## [Task details]
Please restate each line of the data below exactly. Omit all images.

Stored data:
......

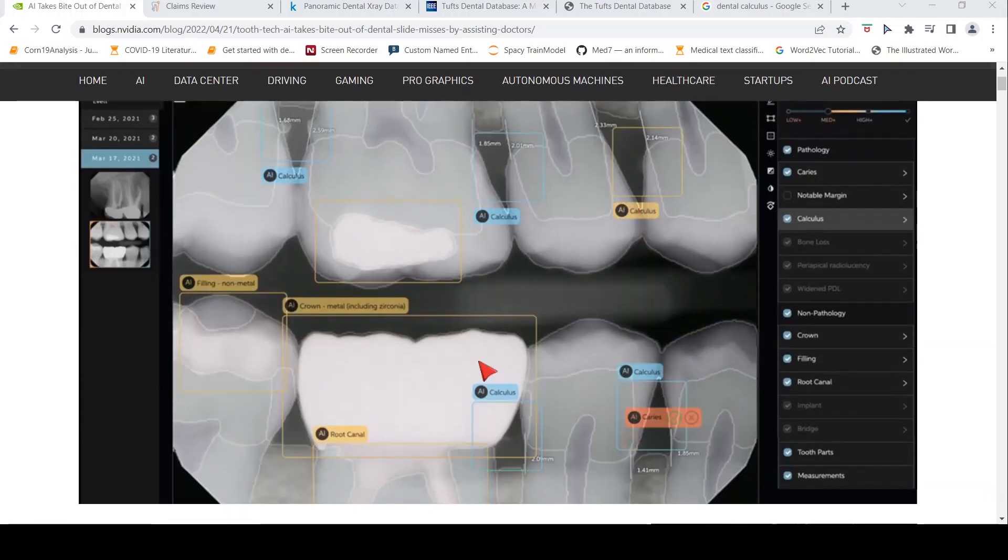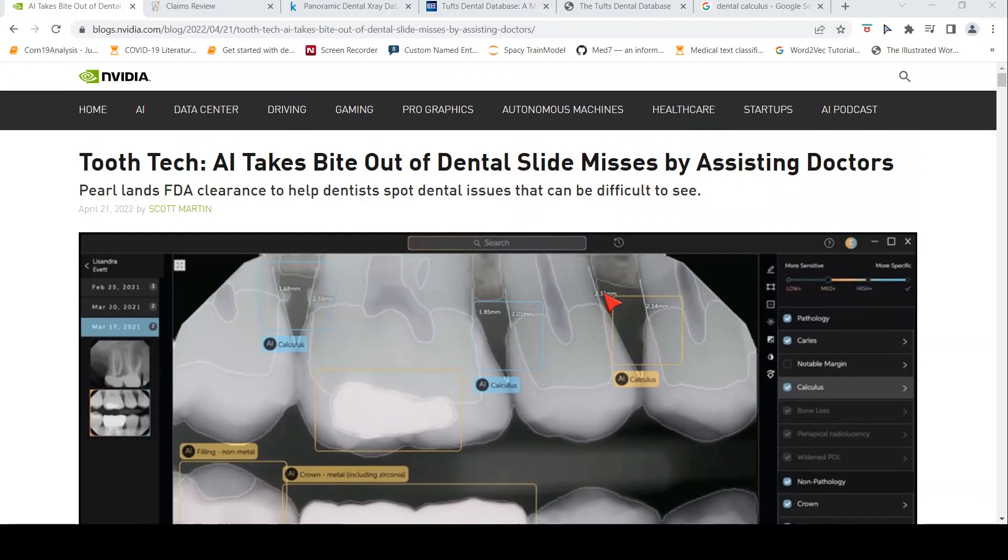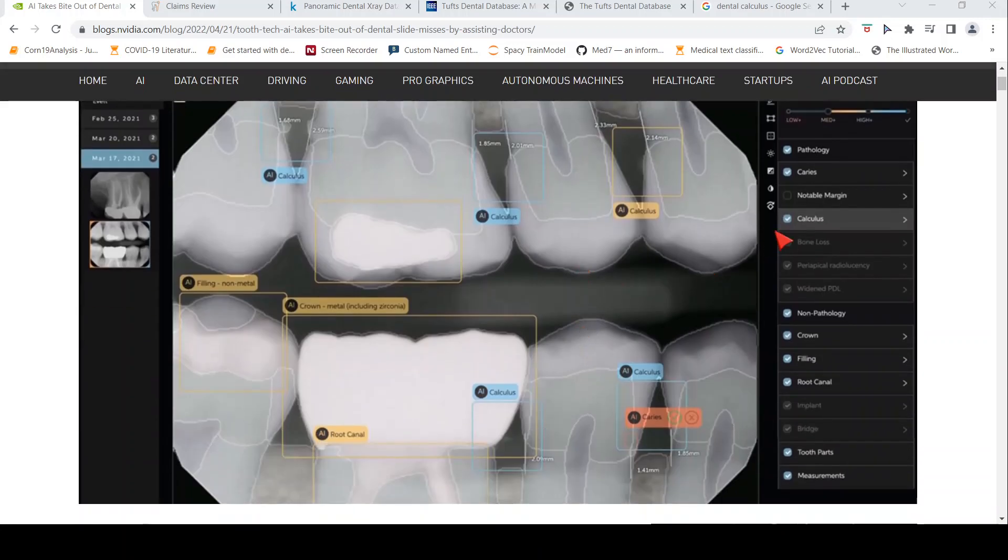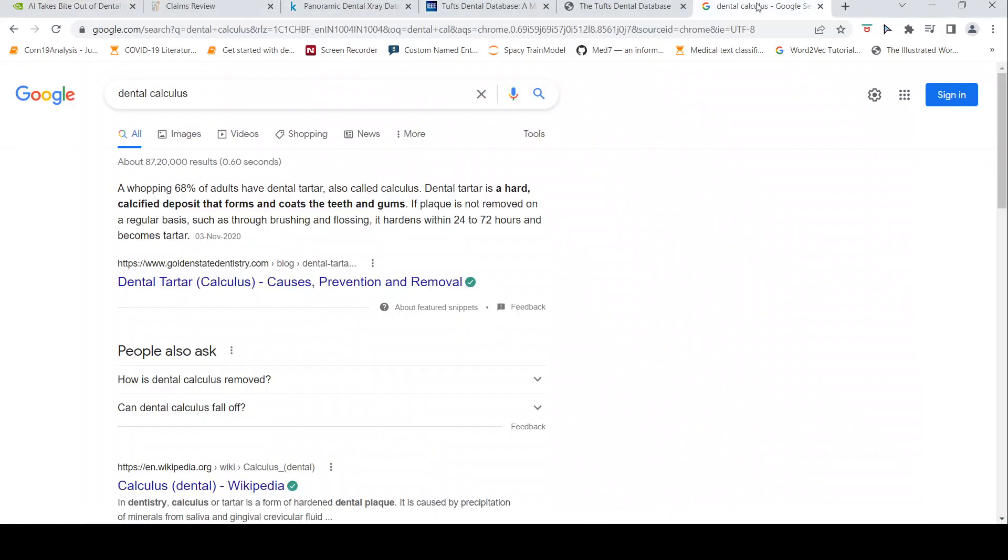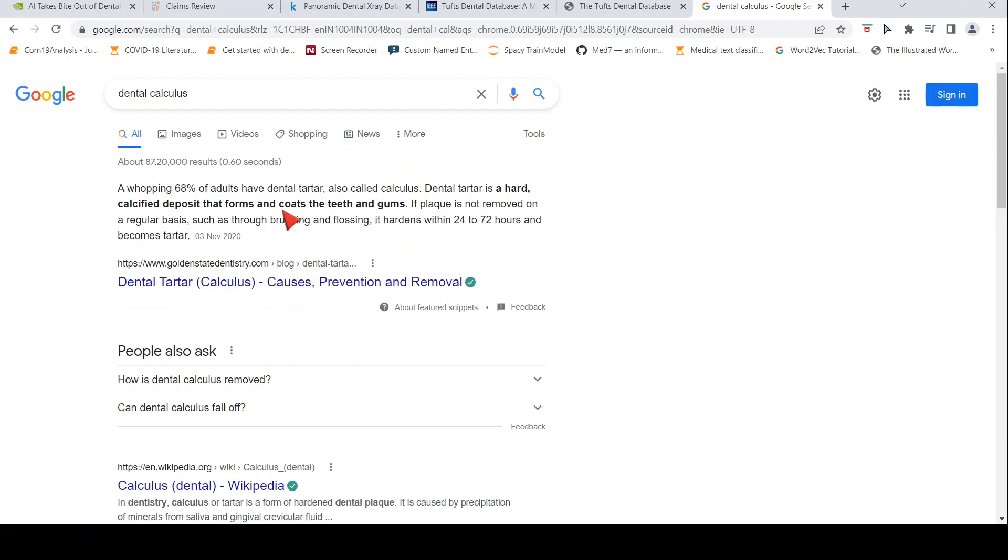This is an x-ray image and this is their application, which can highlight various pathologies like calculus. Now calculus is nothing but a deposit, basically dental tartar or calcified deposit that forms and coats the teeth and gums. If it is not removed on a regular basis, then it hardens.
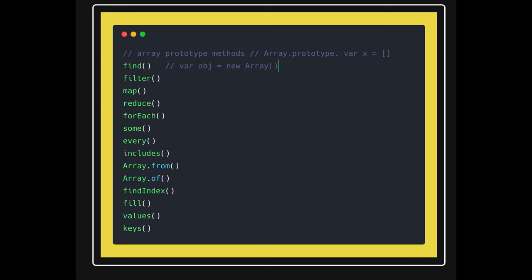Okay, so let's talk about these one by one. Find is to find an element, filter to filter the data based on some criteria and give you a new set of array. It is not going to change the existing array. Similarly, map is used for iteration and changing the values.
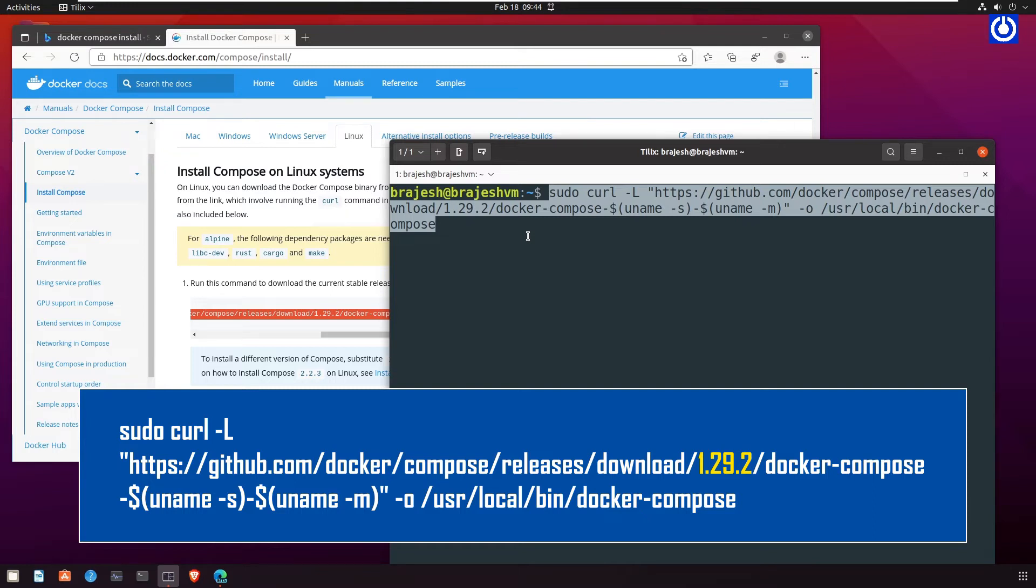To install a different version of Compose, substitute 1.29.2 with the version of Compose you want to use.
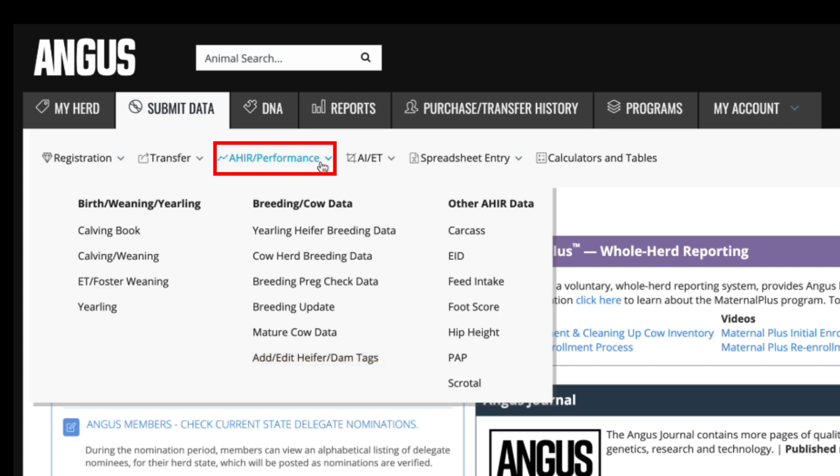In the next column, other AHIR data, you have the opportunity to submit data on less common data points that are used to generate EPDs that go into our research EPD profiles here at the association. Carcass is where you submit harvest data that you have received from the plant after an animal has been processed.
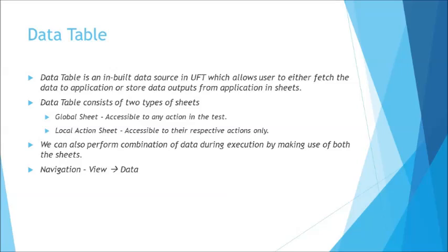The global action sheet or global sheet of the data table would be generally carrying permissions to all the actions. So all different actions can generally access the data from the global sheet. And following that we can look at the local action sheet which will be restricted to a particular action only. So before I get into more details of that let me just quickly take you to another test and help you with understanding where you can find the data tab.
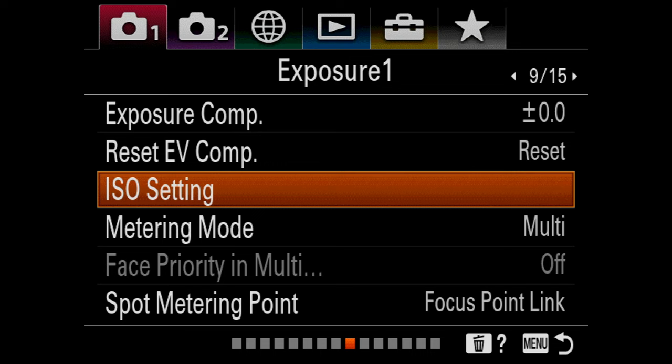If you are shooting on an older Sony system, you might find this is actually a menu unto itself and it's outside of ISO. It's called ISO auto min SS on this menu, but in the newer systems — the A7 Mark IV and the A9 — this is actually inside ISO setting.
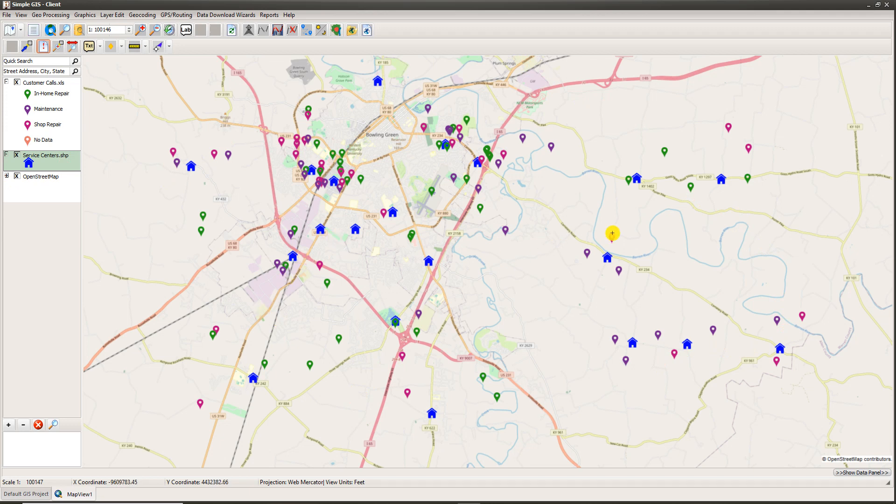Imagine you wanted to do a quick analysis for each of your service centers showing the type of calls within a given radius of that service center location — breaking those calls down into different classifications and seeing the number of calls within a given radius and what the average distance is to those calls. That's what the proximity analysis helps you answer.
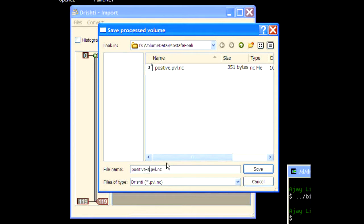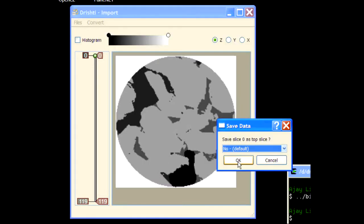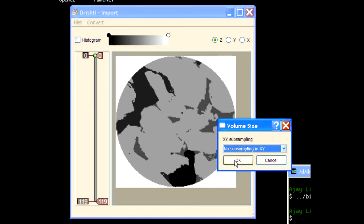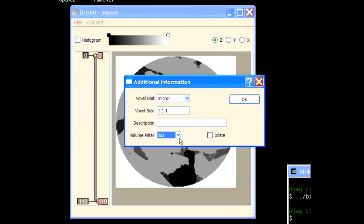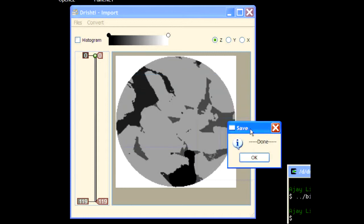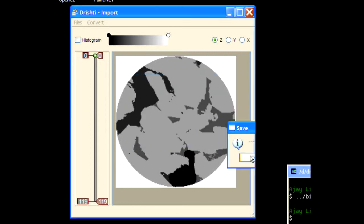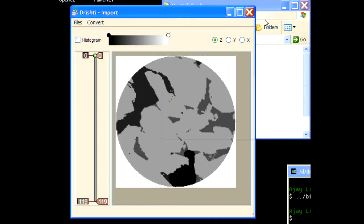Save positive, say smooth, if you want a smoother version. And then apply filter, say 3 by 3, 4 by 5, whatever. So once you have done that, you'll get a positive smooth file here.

......

## [Problem solution]
This is an x-ray image and this is their application, which can highlight various pathologies like calculus. Now calculus is nothing but a deposit, basically dental tartar or calcified deposit that forms and coats the teeth and gums. If it is not removed on a regular basis, then it hardens.
Okay, so let's talk about these one by one. Find is to find an element, filter to filter the data based on some criteria and give you a new set of array. It is not going to change the existing array. Similarly, map is used for iteration and changing the values.
To install a different version of Compose, substitute 1.29.2 with the version of Compose you want to use.
In the next column, other AHIR data, you have the opportunity to submit data on less common data points that are used to generate EPDs that go into our research EPD profiles here at the association. Carcass is where you submit harvest data that you have received from the plant after an animal has been processed.
The global action sheet or global sheet of the data table would be generally carrying permissions to all the actions. So all different actions can generally access the data from the global sheet. And following that we can look at the local action sheet which will be restricted to a particular action only. So before I get into more details of that let me just quickly take you to another test and help you with understanding where you can find the data tab.
If you are shooting on an older Sony system, you might find this is actually a menu unto itself and it's outside of ISO. It's called ISO auto min SS on this menu, but in the newer systems — the A7 Mark IV and the A9 — this is actually inside ISO setting.
Imagine you wanted to do a quick analysis for each of your service centers showing the type of calls within a given radius of that service center location — breaking those calls down into different classifications and seeing the number of calls within a given radius and what the average distance is to those calls. That's what the proximity analysis helps you answer.
Save positive, say smooth, if you want a smoother version. And then apply filter, say 3 by 3, 4 by 5, whatever. So once you have done that, you'll get a positive smooth file here.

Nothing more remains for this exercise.